Tersangkanya saja belum pernah diperiksa, bagaimana bisa disebut kadaluarsa?"
Jakarta (ANTARA News) - Ketua Muda Pidana Umum Mahkamah Agung Artidjo Alkostar menilai tidak ada kedaluarsa dalam kasus terbunuhnya wartawan Bernas Fuad Muhammad Syafrudin atau Udin.

"Kasus pembunuhan Udin tidak kedaluarsa karena tersangka pembunuhnya belum pernah diadili," kata Artidjo dalam diskusi publik Upaya Mengungkap Misteri Pembunuhan Udin Melalui Mekanisme Pengadilan di Jakarta, Kamis.

Pernyataan itu terkait dengan kasus Udin yang terancam kedaluarsa setelah berusia 18 tahun atau jatuh pada 16 Agustus 2014 mendatang.

Menurut dia kedaluarsa bukan dalam kasusnya, namun dalam hak menuntut seseorang ke pengadilan dan masa kadaluarsa itu dihitung dari tersangka diperiksa. "Tersangkanya saja belum pernah diperiksa, bagaimana bisa disebut kadaluarsa?" katanya.

Senada dengan Artidjo, Ketua Komisi Hukum Dewan Pers Yosep Adi Prasetyo mengatakan untuk kasus pelanggaran HAM berat seperti dalam kasus Udin, tidak mengenal kadaluarsa sebagaimana dalam Undang-undang Nomor 26 Tahun 2000 tentang Pengadilan HAM.

Yosep menilai ada banyak kejanggalan dalam pengungkapan kasus ini.
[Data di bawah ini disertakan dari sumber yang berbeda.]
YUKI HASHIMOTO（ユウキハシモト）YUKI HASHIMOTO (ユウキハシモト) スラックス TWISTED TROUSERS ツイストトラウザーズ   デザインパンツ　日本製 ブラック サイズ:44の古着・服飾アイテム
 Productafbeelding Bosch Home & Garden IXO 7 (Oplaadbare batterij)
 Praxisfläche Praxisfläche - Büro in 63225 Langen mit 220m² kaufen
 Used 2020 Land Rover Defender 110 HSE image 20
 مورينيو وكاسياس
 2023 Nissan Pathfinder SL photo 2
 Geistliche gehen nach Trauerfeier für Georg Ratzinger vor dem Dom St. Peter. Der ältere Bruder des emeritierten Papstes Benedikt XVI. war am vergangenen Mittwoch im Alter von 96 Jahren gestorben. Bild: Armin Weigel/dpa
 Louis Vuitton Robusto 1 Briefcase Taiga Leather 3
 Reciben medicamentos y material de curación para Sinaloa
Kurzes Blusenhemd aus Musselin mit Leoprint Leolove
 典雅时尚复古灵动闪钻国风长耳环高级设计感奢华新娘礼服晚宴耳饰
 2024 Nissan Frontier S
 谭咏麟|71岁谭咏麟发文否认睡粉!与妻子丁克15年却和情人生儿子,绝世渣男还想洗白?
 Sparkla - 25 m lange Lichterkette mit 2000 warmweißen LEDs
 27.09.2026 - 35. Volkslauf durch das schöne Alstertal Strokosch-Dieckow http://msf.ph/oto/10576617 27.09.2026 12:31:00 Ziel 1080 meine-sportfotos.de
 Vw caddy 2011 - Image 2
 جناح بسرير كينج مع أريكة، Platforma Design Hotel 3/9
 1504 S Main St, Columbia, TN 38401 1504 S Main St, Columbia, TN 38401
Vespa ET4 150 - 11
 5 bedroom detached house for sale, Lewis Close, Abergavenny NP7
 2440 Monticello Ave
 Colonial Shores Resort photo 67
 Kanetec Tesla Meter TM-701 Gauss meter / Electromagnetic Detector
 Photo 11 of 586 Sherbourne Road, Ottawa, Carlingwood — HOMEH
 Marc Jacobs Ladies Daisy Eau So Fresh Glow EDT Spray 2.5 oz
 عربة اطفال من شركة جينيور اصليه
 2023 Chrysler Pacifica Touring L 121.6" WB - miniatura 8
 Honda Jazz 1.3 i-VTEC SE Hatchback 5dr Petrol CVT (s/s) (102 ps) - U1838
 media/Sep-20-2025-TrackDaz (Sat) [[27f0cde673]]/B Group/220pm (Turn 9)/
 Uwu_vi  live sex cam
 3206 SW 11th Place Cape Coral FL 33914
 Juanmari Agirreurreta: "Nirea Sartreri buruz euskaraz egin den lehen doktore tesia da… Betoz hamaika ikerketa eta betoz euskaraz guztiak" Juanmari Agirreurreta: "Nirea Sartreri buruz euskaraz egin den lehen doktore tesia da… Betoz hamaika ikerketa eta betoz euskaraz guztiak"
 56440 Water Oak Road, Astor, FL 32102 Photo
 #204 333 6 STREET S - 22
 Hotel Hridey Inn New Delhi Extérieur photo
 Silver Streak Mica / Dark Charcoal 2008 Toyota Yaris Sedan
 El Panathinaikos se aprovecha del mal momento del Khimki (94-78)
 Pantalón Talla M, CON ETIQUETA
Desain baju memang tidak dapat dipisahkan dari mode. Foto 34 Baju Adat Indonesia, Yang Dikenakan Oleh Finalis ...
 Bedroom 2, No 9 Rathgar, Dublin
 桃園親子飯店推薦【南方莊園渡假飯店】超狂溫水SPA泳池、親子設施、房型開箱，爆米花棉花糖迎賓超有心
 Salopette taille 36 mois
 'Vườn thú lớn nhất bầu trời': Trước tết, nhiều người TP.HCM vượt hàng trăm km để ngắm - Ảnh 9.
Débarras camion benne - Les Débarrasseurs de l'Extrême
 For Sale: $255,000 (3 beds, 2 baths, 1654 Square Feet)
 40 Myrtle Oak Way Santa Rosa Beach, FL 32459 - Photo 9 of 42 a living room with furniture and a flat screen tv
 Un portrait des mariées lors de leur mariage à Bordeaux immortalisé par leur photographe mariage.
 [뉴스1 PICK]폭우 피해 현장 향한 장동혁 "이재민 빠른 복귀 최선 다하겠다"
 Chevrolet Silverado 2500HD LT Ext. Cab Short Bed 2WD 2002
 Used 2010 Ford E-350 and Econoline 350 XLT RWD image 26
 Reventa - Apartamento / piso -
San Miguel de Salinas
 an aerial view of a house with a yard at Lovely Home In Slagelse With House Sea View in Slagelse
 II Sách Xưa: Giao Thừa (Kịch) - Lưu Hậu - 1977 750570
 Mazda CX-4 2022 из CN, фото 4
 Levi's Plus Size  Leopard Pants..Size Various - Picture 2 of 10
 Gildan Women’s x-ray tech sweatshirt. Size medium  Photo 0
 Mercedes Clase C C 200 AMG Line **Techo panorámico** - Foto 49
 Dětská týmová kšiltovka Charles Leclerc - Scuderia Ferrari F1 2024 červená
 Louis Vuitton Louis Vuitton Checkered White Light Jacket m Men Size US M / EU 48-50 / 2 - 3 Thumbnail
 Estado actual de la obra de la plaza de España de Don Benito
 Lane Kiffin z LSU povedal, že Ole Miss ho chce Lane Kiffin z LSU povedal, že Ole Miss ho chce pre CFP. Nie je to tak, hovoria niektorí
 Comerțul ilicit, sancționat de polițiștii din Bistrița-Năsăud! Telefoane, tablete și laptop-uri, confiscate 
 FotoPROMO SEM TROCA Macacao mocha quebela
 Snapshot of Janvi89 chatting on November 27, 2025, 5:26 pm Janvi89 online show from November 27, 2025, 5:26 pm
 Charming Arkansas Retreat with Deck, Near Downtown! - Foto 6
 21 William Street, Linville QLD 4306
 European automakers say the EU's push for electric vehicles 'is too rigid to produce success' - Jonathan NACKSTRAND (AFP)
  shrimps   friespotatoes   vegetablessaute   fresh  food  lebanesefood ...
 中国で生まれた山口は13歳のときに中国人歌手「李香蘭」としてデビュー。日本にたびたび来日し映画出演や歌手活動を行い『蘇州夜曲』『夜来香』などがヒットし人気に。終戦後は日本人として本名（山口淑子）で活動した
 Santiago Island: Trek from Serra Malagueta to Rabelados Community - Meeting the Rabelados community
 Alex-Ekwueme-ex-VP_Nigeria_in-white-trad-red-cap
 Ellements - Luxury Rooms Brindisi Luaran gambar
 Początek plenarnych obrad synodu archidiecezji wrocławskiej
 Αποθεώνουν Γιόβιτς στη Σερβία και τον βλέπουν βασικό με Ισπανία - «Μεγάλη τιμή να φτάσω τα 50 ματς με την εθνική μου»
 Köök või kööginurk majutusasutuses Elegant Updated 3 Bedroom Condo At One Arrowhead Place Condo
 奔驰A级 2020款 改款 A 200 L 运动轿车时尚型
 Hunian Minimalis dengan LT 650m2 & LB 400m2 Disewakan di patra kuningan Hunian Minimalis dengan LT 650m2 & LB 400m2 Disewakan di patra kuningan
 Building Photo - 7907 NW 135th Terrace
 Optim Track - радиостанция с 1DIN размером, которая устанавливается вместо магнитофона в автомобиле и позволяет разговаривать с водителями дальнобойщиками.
Dia melihat polisi saat itu ragu menyelidiki kasus ini yang terlihat dari tempat kejadian perkara (TKP) di rumah Udin tidak langsung diberi police line setelah pembunuhan terjadi dengan alasan stok police line habis.

"Police line baru dipasang 13 hari setelah pembunuhan dan hanya berumur lebih kurang 25 jam, setelah itu dicopot oleh polisi," katanya.

Selain itu di pengadilan, Dwi Sumaji alias Iwik yang sebelumnya mengaku membunuh Udin akhirnya mencabut pengakuan itu. Dia mengaku telah dipaksa menjalankan skenario rekayasa Serma Pol Edy Wuryanto dengan alasan melindungi kepentingan Bupati Bantul yang menjabat saat itu, Sri Roso Sudarmo.

Menurut dia, selama kepolisian masih bersikukuh bahwa pembunuhan Udin tetap berkaitan erat dengan persoalan perselingkuhan antara istri Almarhum Udin dengan Iwik, maka tidak akan pernah ada fakta baru.